- Изменено
Effectively Animating in Top-Down Perspective
Hi Spine experts
My team is currently using spine for several things in our game to great effect - it's a wonderful time saver and I'm excited about leveraging skins for easy asset swapping on our characters - but I'm trying to wrap my head around the idea of animating a character in the top-down perspective. I understand how beneficial Spine would be for a side-scrolling camera angle because less things tend to overlap, but in this camera angle, I'm finding that I need to create nearly every surface of our character because at some point, it's going to be visible in the animation:
Things like the cloak flapping are especially time-intensive. I'm wondering if it's simply easier/faster to model and animate the character in 3D and do paint-overs for 8-directional animation. I'm hoping someone tells me I'm thinking about this the wrong way because I'd prefer using one set of tools for all animation work, but that may just be unrealistic.
Thoughts?
Hi Zooch!
It looks like yours is not a pure top-down view, where you'd need to only draw all these parts once as seen from the top, but more of a multidirectional character with the addition of having a not very forgiving point of view.
Your art style is amazing by the way. Now let's tackle this beast.
A series of streams about making characters turn in every direction with an example project is available here:
Spine: Twitch: video SS5JGbD5BJY
In addition to this here are some tips:
meshes are your ally. often having a point bone on each border or angle (but a reasonable amount like one per corner or per side) will mean you'll be able to manage and distort an asset for animation and hopefully for more than one direction
modularity is key to make overlapping more natural. separate the hand from the upper and lower arm, as well as the hair from the head. If they're supposed to overlap in perspective, you want each on its own nice bone. It may seem like a lot without even starting to animate, but you'll be happy to have freedom and flexibility once everything is set.

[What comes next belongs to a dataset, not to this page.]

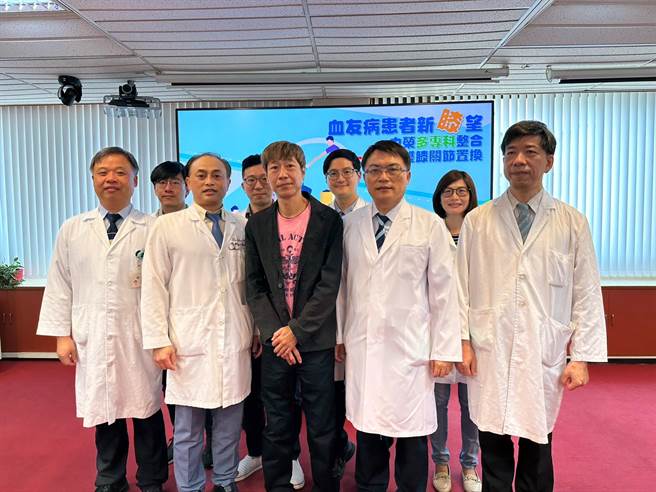 44岁的重度血友病患者陈先生去年底接受台中荣总一次性同时双膝关节置换手术，如今膝盖活动度回復到90度，从跛脚变勇脚。（冯惠宜摄）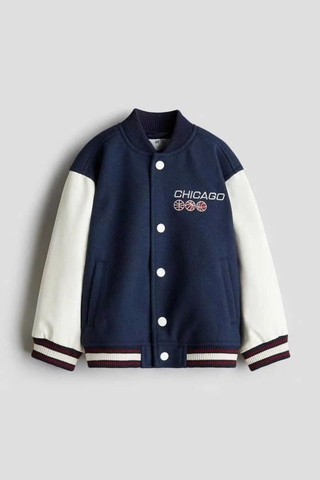 Áo khoác bomber CHICAGO H&M xanh navy phối tay da màu trắng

For the cloak you may paint a straight version with 3-4 different shading effects to simulate horizontal wind strokes. You prepare the mesh for one of them then duplicate its slot and replace the image path so that another image will be showing, you can then fade in and out this new image(s) when needed while controlling the cloak deforming with bones. This uses a reasonable amount of bones and images without sacrificing some cool effects. You may add some special cloak images if you feel these will be seen very often but try to start by limiting yourself.
If you have any specific problem or doubt I'm happy to reason on it with you (:
Hi Erikari,
These tutorials are amazing! Thank you for all the work you've put into them, I'm now going through each of them now. You've given me hope (and an action plan)!